» **Work item**
Before writing anything, find the line that contains "Protection Acrylique Case", then retype the entries below exactly from their first line through that one, without pictures.

•••••

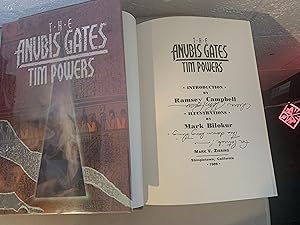 The Anubis Gates ** Signed**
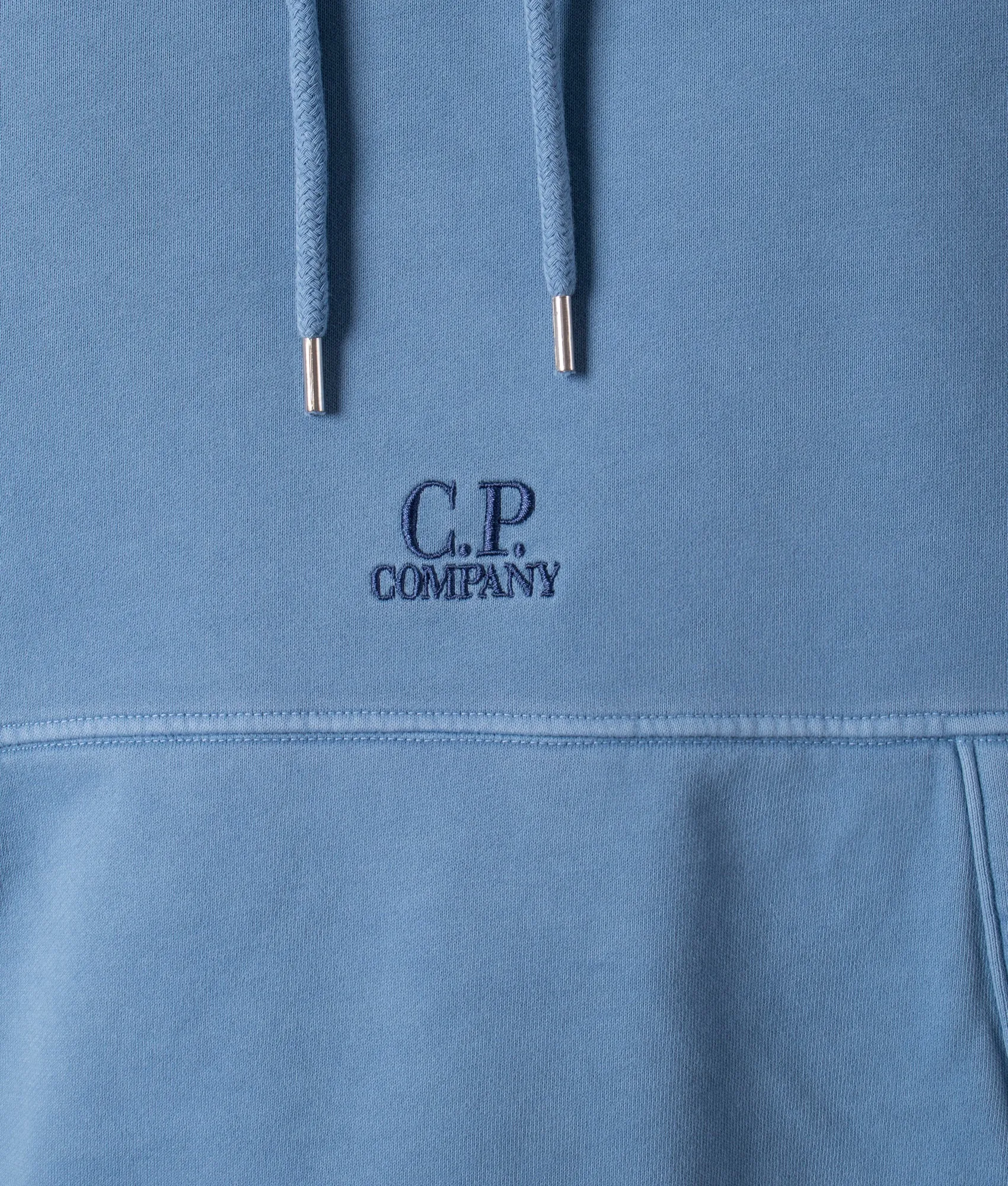 Brushed & Emerized Diagonal Fleece Logo Hoodie sold by EQVVS product image thumbnail 2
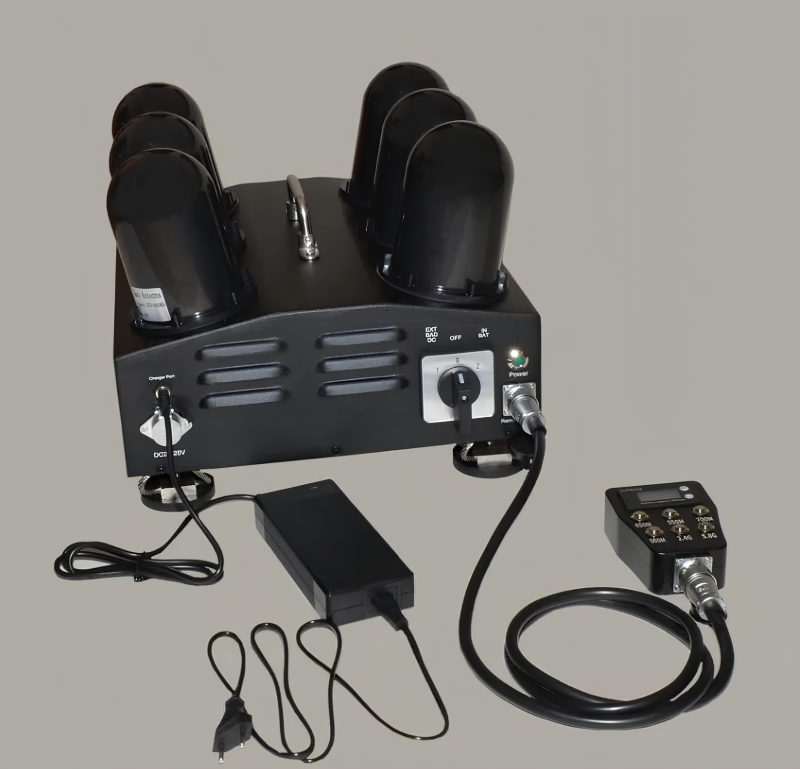 6 antenna FPV drone jammer system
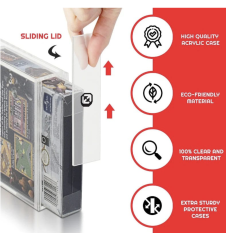 Protection Acrylique Case Pour Jeux Nintendo Gameboy / Gameboy Advance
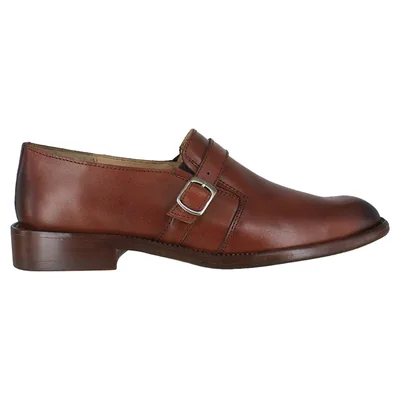 Zapato Formal Vestir Dama Carlo Ronaldi 1003 Becerro Capuchino Cuero Comodidad Diaria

•••••

» **Written answer**
 The Anubis Gates ** Signed**
 Brushed & Emerized Diagonal Fleece Logo Hoodie sold by EQVVS product image thumbnail 2
 6 antenna FPV drone jammer system
 Protection Acrylique Case Pour Jeux Nintendo Gameboy / Gameboy Advance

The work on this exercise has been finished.